## Task requirements:
Please print the line that holds "Professional portrait of" and each line after it to the end of the data, word for word, without any pictures.
-- Opening Marker --
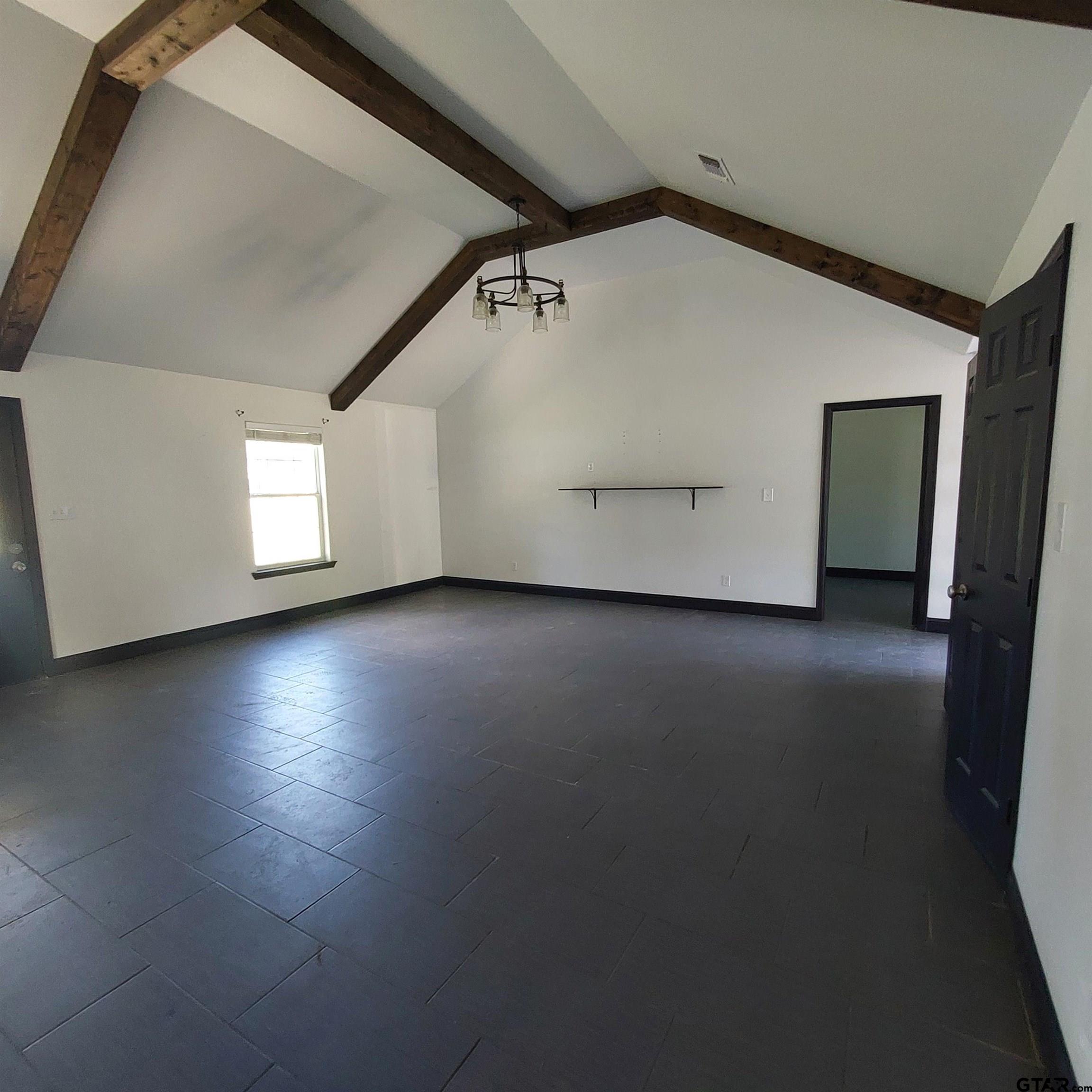 1937 Highway 11 Pittsburg, TX 75686 - Photo 4 of 33 a view of a livingroom with wooden floor and window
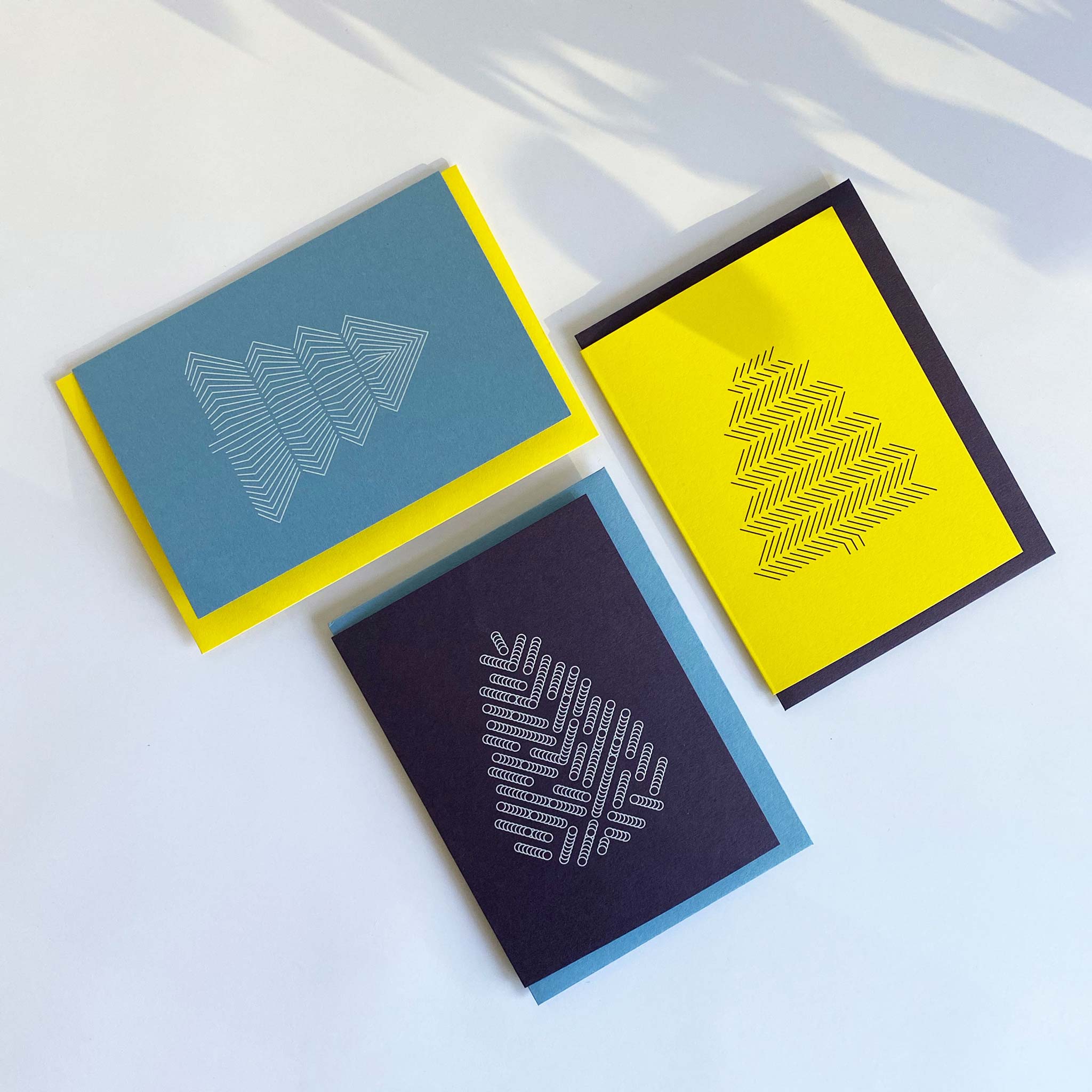 Flat lay of three christmas greeting cards with geometric tree prints. Deep purple with white tree, sky blue with white tree and bright yellow with black tree. Alternating coloured envelopes. 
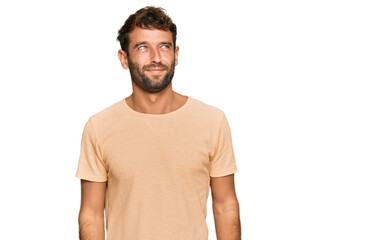 Obraz premium Handsome young man with beard wearing casual tshirt smiling looking to the side and staring away thinking.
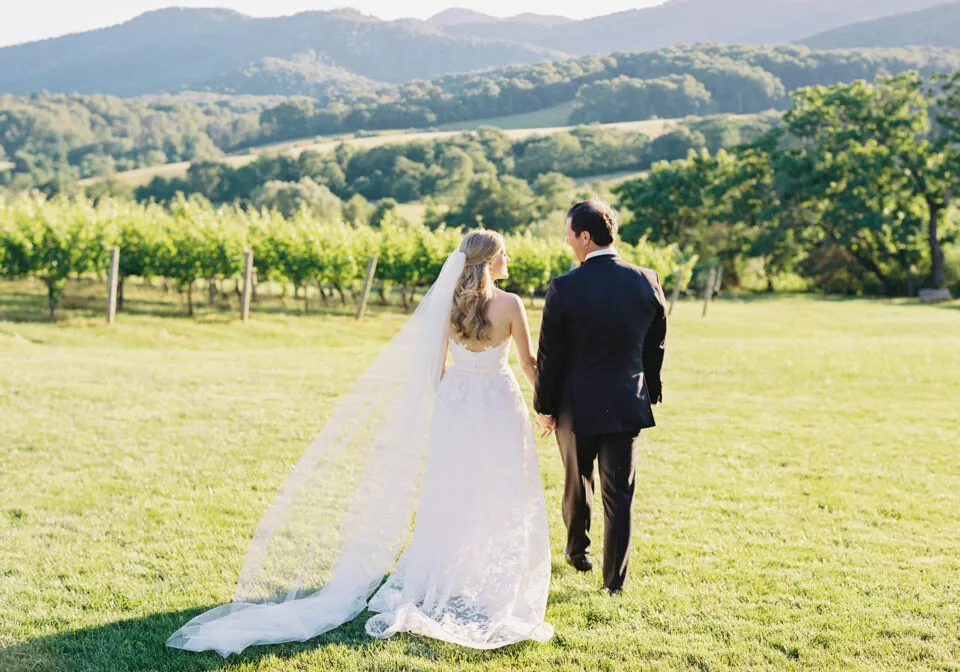 A bride and groom walking in a green hilly landscape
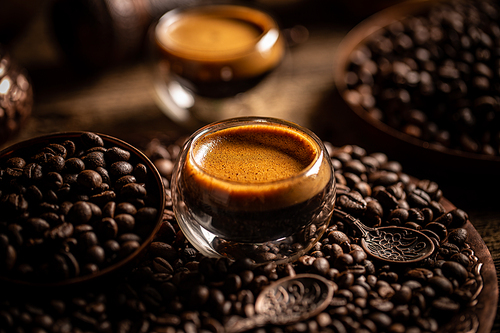 Cup of black coffee and beans, coffee still life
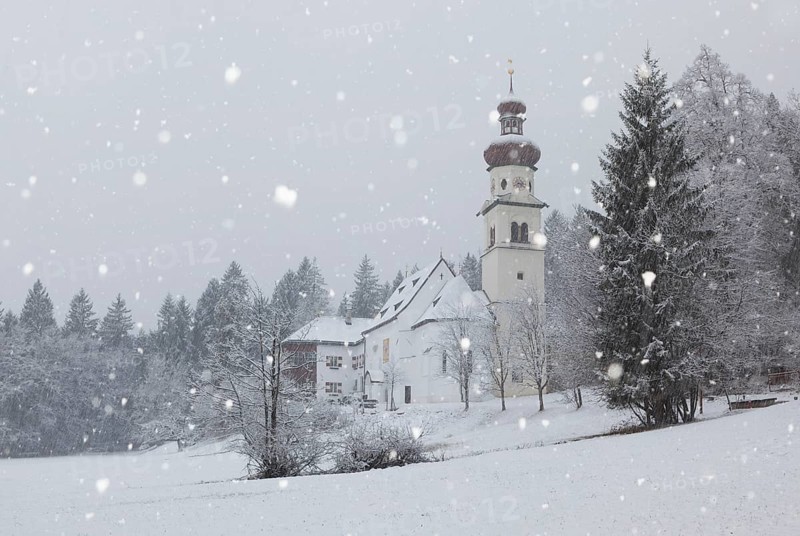 Church of St. Martin during snowfall, Gnadenwald, Tyrol, Austria, Europe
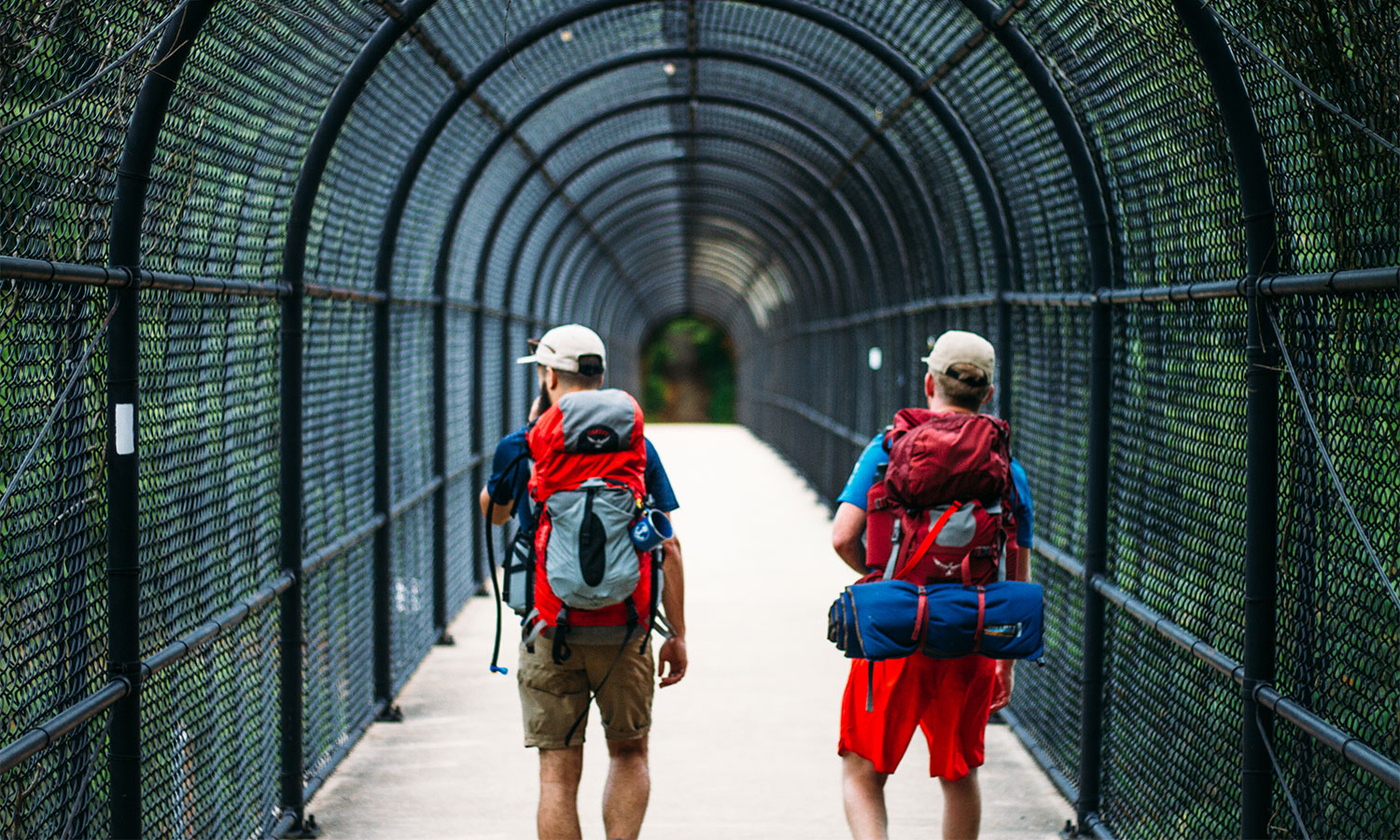 two men crossing the I-70 footbridge on the Appalachian Trail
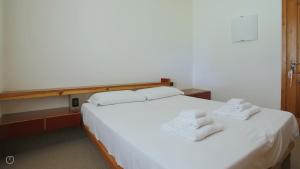 ein Schlafzimmer mit einem weißen Bett mit Handtüchern darauf in der Unterkunft Italianway - San Rocco 73 in San Fedele Intelvi + 63 Fotos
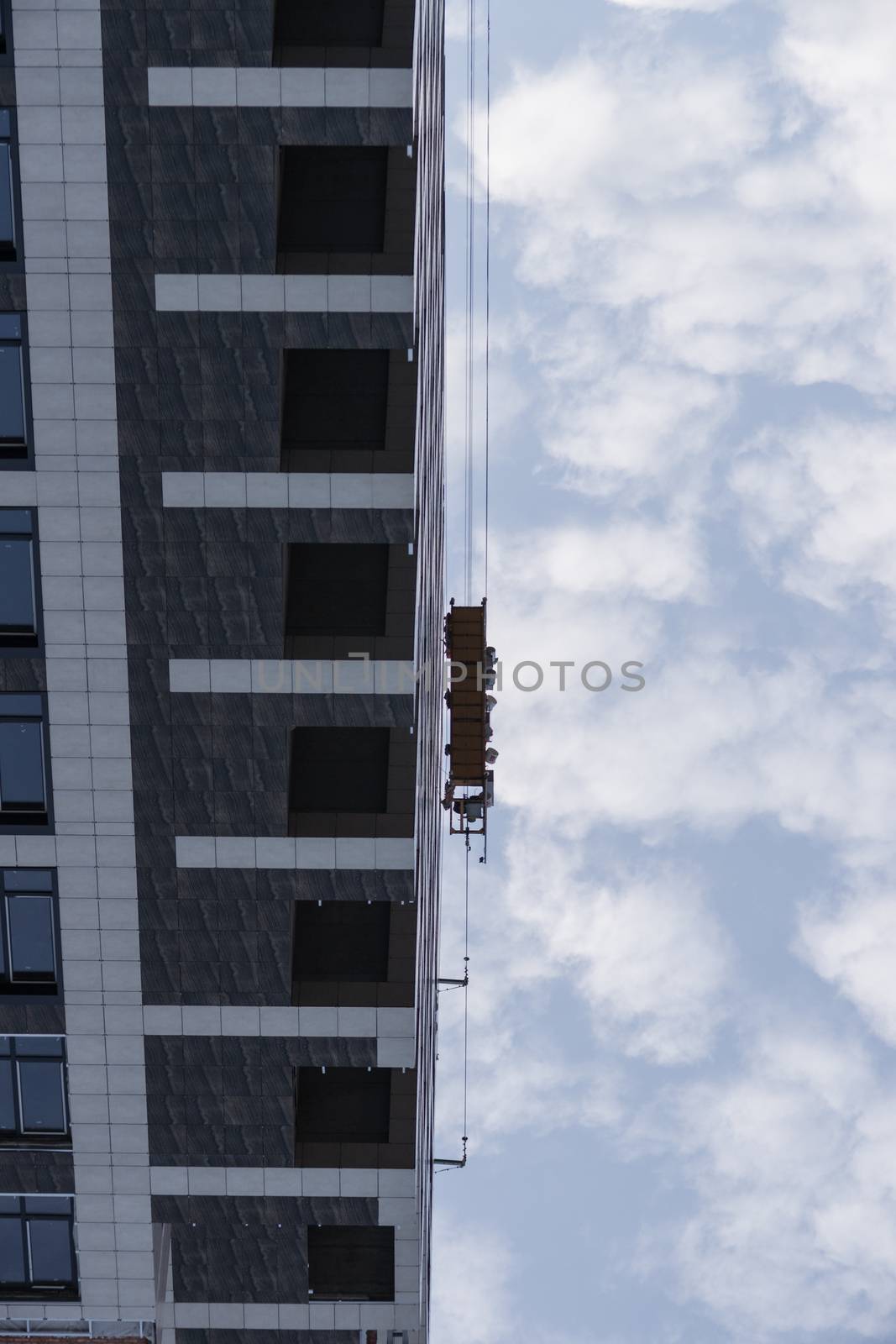 Conceptual inverted photo of workers in a cradle near a modern high-rise building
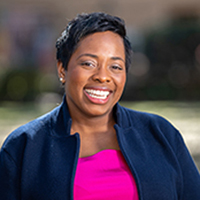 Professional portrait of Veronica Vereen, a smiling woman wearing a pink top and a navy jacket, set against a soft outdoor background.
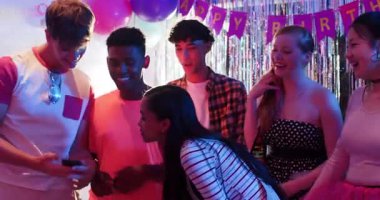 Çeşitli arkadaşlar doğum günü afişi altında evde selfie çekiyorlar disko topuyla dans edip içkilerini yudumluyorlar. Kutlama, arkadaşlık, parti, eğlence, canlı, neşeli, sosyalleşme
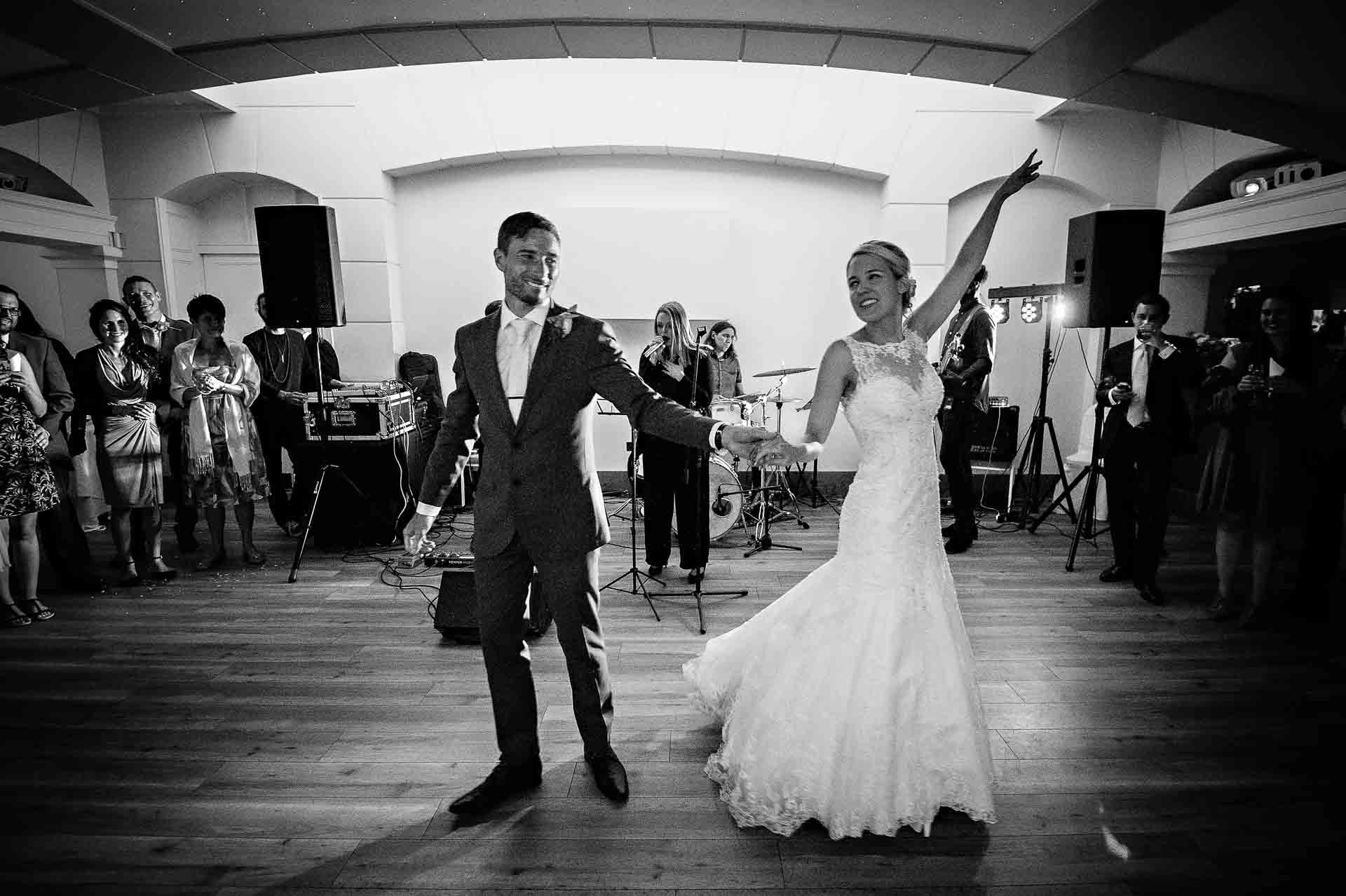 Bride and groom about to give first dance at wedding in London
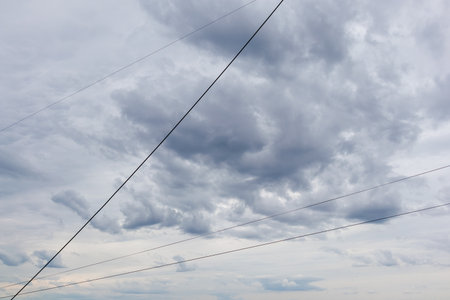 Overhead communication and internet cables stretch diagonally across a cloudy, stormy sky...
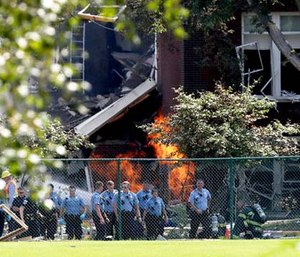 Emergency personnel move away as a gas fire continues to burn following an explosion at Minnehaha Academy.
-- Closing Marker --
## Output for this exercise:
 Professional portrait of Veronica Vereen, a smiling woman wearing a pink top and a navy jacket, set against a soft outdoor background.
 Çeşitli arkadaşlar doğum günü afişi altında evde selfie çekiyorlar disko topuyla dans edip içkilerini yudumluyorlar. Kutlama, arkadaşlık, parti, eğlence, canlı, neşeli, sosyalleşme
 Bride and groom about to give first dance at wedding in London
 Overhead communication and internet cables stretch diagonally across a cloudy, stormy sky...
 Emergency personnel move away as a gas fire continues to burn following an explosion at Minnehaha Academy.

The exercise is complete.